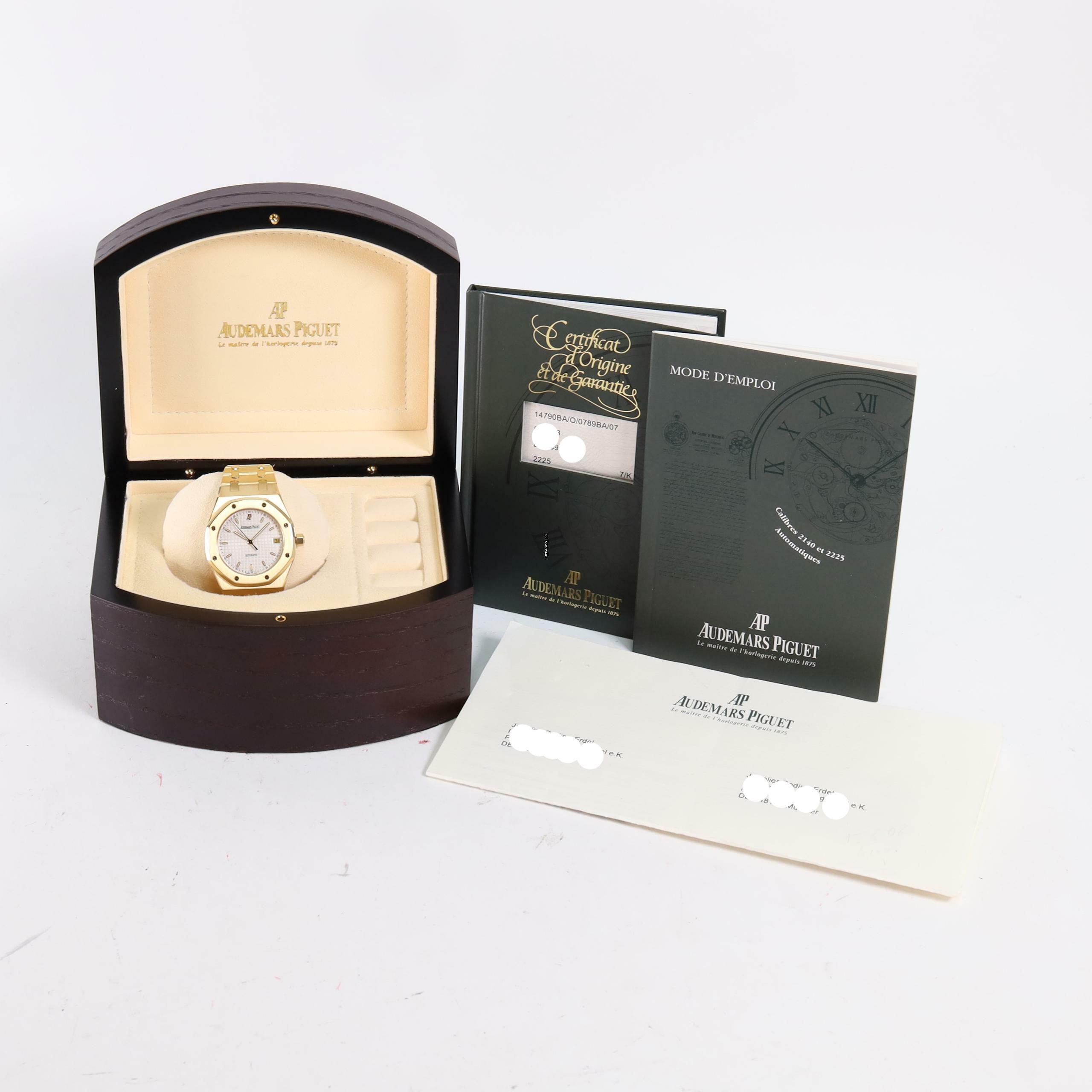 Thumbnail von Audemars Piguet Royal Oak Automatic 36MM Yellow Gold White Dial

...

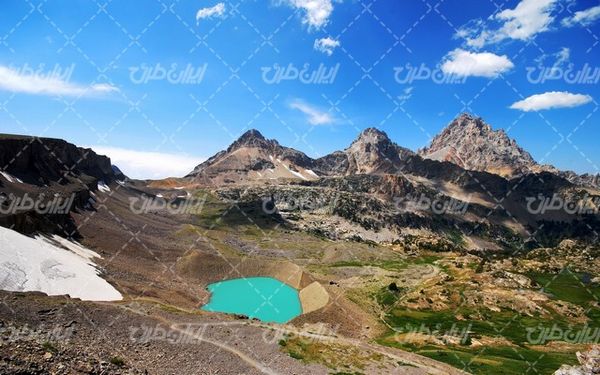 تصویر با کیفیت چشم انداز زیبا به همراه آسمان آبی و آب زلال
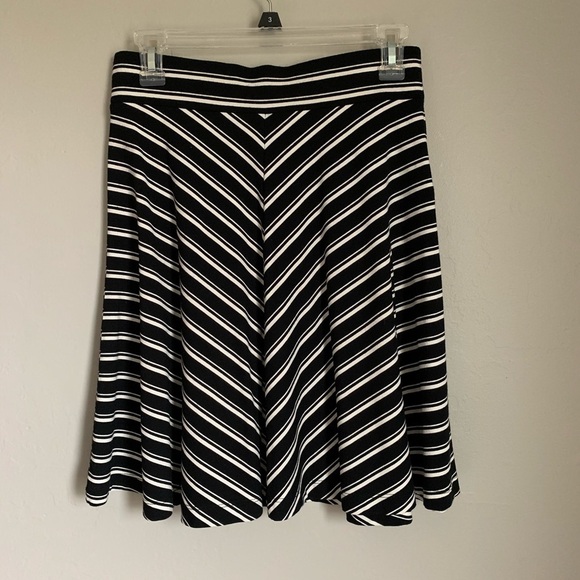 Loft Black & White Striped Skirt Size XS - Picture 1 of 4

**Exercise requirements:**
The response must repeat exactly the lines above from the one with "تصویر با کیفیت" through the one with "Loft Black &", including both, and must contain no pictures and no other text.

**Finished exercise:**
 تصویر با کیفیت چشم انداز زیبا به همراه آسمان آبی و آب زلال
 Loft Black & White Striped Skirt Size XS - Picture 1 of 4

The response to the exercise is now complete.